This Trigger Pointreview contains spoilers.
If you were a Met officer who was secretly (and – credit where it’s due – successfully) orchestrating a cross-London terror campaign right under the nose of your employers, would you leave your work locker stuffed with evidence pointing your way? Unlikely. If that A to Z doesn’t just turn out to be John Hudson doing his homework like a good little bomb disposal expert, it’s likely been planted. But by whom?
The top suspect has to be Thom Youngblood, a man who’ll ruin a takeaway by asking you to move in with him halfway through the Peshwari naan. There’s currently zero evidence against Thom. He’s only a suspect according to the rules of the TV thriller, which state that the character least likely to have done it but in the most scenes with the lead by the end of episode three is probably your guy. Even if Thom’s innocent, there’s definitely something wrong with someone who’d eat their tea staring at a cooker hood instead of the stunning view from his flat. What’s your problem, Thom? London skyline too spectacular for you?

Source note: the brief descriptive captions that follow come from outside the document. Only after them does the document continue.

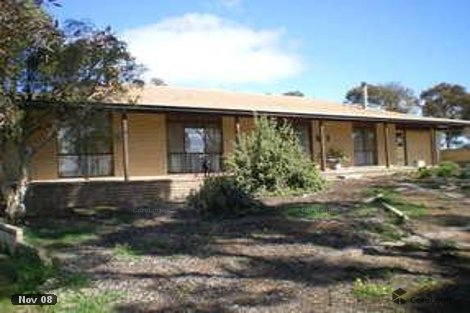 1520 Cannum Five Chain Rd, Warracknabeal, VIC 3393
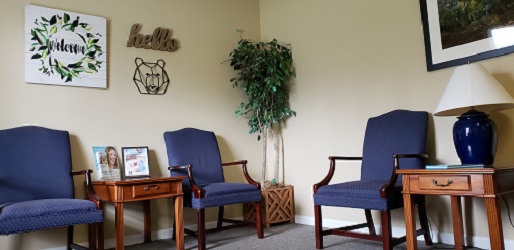 Image for Kriebel & Associates P.A. with ID of: 5530507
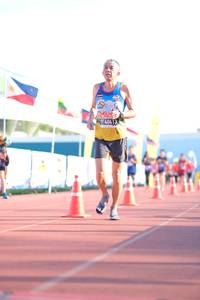 BIB: 
                            <button type="button" onclick="openModal(3611726)" class="btn btn-primary btn-sm float-right btn-popup" data-toggle="modal" data-target=".modal-high-quality">
                        <i class="fas fa-shopping-cart"></i> Add to Cart
                    </button>
                                            <button type="button" onclick="isThisMe(3611726, true)" class="btn btn-success btn-sm float-right btn-popup btn-isme hidden" data-toggle="tooltip" data-placement="bottom" title="นี่คือรูปของคุณใช่ไหม คลิกที่นี่เพื่อเอาเข้าอัลบั้ม">
                        <i class="fas fa-plus"></i> Add to album
                    </button>
                    <button type="button" onclick="isThisMe(3611726, false)" class="btn btn-warning btn-sm float-right btn-popup btn-isnotme hidden">
                        <i class="fas fa-ban"></i> Remove from album
                    </button>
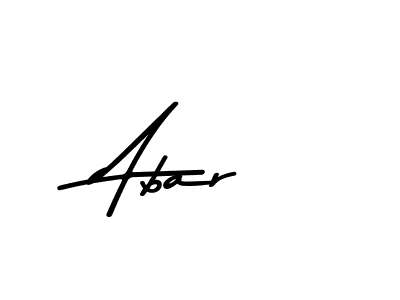 if you are searching for the best signature style for your name Abar. so please give up your signature search. here we have designed multiple signature styles  using Asem Kandis PERSONAL USE. Abar signature style 9 images and pictures png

Trigger Point continued to rumble on bumpily in episode three, much in the way of a bomb disposal robot struggling along uneven ground. After the mosque cliff-hanger ended with a bang and not in the good way, the episode sluggishly followed a spiralling Wash going about her business. She sat in a meeting, went for a run, met an enormous dog, played pool and swapped war stories with Karl, got called in by bomb data Sonya for conversations that could definitely have been phone calls, and bailed out her racist little brother, who’d been arrested taking out his frustration on the window of the local halal butcher.